Question: Provide synchronization using fine-grained locking. Your solution should be more efficient than the previous solution. Specifically, it should allow the bathroom to achieve full utilization: it should be possible for all K stalls to be in use at the same time. You will need to change both the global mutex—there will be more than one global mutex—and the code for user().

Bathroom 2: Stall indifference

The setting is the same, except that now users have no predetermined preferred stall:

void user() {
    int preferred_stall = random() % K;
    poop_into(preferred_stall);
}

It should be pretty easy to adapt your synchronization solution to this setting, by locking the preferred stall once it’s determined by random choice. But that can leave stalls unused: a user will wait indefinitely if they pick an occupied stall randomly, no matter how many other stalls are available.

Question: Design a solution that solves this problem: each user chooses any available stall, or waits if none are available. Use a single mutex and a single condition variable. You’ll also need some subsidiary data.

std::mutex bmutex;
std::condition_variable cv;
bool stall_full[K];
int noccupied;

void user() {
    std::unique_lock<std::mutex> lock(bmutex);
    while (noccupied == K) {
        cv.wait(lock);
    }
    ++noccupied;
    int stall = 0;
    while (stall_full[stall]) {
        ++stall;
    }
    stall_full[stall] = true;
    lock.unlock();

    poop_into(stall);

    lock.lock();
    --noccupied;
    stall_full[stall] = false;
    cv.notify_all();
    lock.unlock();
}

Question: Another solution is possible that uses K mutexes and no condition variables, and the std::mutex::try_lock() function.

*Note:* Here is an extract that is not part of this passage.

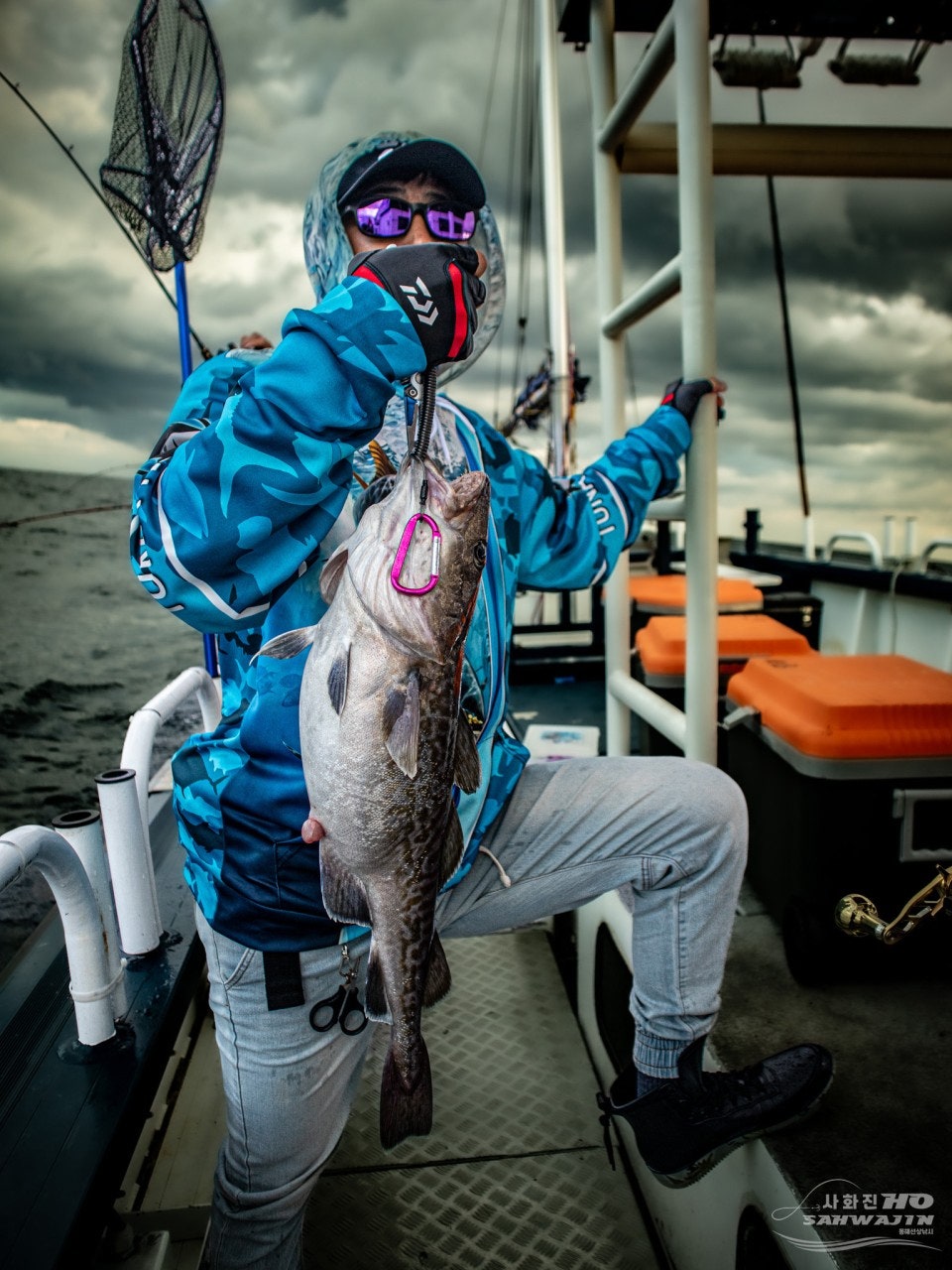 사용자가 올린 이미지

Design that solution.

std::mutex stall[K];
void user() {
    for (int i = 0; true; i = (i + 1) % K) {
        if (stall[i].try_lock()) {
            poop_into(i);
            stall[i].unlock();
            return;
        }
    }
}

Bathroom 3: Pooping philosophers

To facilitate the communal philosophical life, Plato decreed that philosophy should be performed in a bathroom with K thrones and K curtains, arranged like so:

Each philosopher sits on a throne with two curtains, one on each side. The philosophers normally argue with one another. But sometimes a philosopher’s got to poop, and to poop one needs privacy. A pooping philosopher must first draw the curtains on either side; philosopher X will need curtains X and (X+1) mod K. For instance, here, philosophers 0 and 2 can poop simultaneously, but philosopher 4 cannot poop until philosopher 0 is done (because philosopher 4 needs curtain 0), and philosopher 1 cannot poop until philosophers 0 and 2 are both done:

Philosophers’ bathroom with curtains drawn

Question: In high-level terms, what is the mutual exclusion problem here—that is, what resources are subject to mutual exclusion?

A philosopher could be described like this:

void philosopher(int x) {
    while (true) {
        argue();
        draw curtains x and (x + 1) % K;
        poop();
        release curtains x and (x + 1) % K;
    }
}

Question: Write a correctly-synchronized version of this philosopher. Your solution should not suffer from deadlock, and philosophers should block (not poll) while waiting to poop. First, use std::scoped_lock—which can (magically) lock more than one mutex at a time while avoiding deadlock.

Question: Can you do it without std::scoped_lock?

Sure; we just enforce our own lock order.

std::mutex curtains[K];
void philosopher(int x) {
    while (true) {
        argue();
        int l1 = std::min(x, (x + 1) % K);
        int l2 = std::max(x, (x + 1) % K);
        std::unique_lock<std::mutex> guard1(curtains[l1]);
        std::unique_lock<std::mutex> guard2(curtains[l2]);
        poop();
    }
}

Designing synchronization

Recall the Fundamental Law of Synchronization: If two threads access the same object concurrently, and at least one of those accesses is a write, that invokes undefined behavior.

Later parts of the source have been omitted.